#### [WHAT IS NEEDED]
Print the listing below from its opening line through the line holding "Abdullah Gül Antakya", both ends included.

#### [MATERIAL SUPPLIED]
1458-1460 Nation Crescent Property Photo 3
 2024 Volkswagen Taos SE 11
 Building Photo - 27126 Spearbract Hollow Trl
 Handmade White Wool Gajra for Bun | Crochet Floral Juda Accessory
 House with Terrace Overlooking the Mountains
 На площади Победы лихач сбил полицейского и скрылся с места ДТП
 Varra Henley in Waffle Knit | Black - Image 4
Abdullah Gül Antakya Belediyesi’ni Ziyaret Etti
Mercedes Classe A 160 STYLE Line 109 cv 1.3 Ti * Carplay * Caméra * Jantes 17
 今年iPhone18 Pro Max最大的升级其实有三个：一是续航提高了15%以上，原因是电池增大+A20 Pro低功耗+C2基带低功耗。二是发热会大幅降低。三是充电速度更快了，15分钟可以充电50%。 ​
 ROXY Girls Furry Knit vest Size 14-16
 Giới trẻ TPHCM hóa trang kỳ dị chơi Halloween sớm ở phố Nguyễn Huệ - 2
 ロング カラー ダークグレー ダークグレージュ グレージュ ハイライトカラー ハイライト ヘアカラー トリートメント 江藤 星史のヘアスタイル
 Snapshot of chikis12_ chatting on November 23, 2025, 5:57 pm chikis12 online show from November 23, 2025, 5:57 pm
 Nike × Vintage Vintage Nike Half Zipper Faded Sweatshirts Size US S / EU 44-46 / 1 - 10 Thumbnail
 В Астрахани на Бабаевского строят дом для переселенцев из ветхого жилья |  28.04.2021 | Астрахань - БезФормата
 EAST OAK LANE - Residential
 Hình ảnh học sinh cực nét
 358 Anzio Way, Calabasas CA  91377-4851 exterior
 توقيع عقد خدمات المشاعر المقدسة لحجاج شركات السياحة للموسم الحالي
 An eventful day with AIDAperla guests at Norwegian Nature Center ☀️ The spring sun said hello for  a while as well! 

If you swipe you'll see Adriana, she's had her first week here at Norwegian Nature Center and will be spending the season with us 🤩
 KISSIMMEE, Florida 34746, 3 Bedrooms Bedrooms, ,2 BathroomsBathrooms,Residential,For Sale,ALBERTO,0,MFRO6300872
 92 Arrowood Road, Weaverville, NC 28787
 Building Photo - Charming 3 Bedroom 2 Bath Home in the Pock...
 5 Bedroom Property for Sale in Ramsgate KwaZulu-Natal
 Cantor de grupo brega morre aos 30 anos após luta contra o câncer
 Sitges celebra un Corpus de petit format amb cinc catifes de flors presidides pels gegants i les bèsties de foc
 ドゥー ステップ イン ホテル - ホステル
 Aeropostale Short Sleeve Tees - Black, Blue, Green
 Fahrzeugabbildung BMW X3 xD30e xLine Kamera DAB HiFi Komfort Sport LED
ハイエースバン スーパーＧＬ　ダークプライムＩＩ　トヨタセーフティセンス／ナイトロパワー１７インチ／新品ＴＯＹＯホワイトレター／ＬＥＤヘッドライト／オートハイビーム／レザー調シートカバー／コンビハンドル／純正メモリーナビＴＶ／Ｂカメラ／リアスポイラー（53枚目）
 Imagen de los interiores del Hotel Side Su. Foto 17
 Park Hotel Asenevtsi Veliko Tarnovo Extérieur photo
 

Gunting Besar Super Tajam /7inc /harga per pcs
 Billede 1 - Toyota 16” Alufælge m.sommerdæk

#### [PROBLEM SOLUTION]
1458-1460 Nation Crescent Property Photo 3
 2024 Volkswagen Taos SE 11
 Building Photo - 27126 Spearbract Hollow Trl
 Handmade White Wool Gajra for Bun | Crochet Floral Juda Accessory
 House with Terrace Overlooking the Mountains
 На площади Победы лихач сбил полицейского и скрылся с места ДТП
 Varra Henley in Waffle Knit | Black - Image 4
Abdullah Gül Antakya Belediyesi’ni Ziyaret Etti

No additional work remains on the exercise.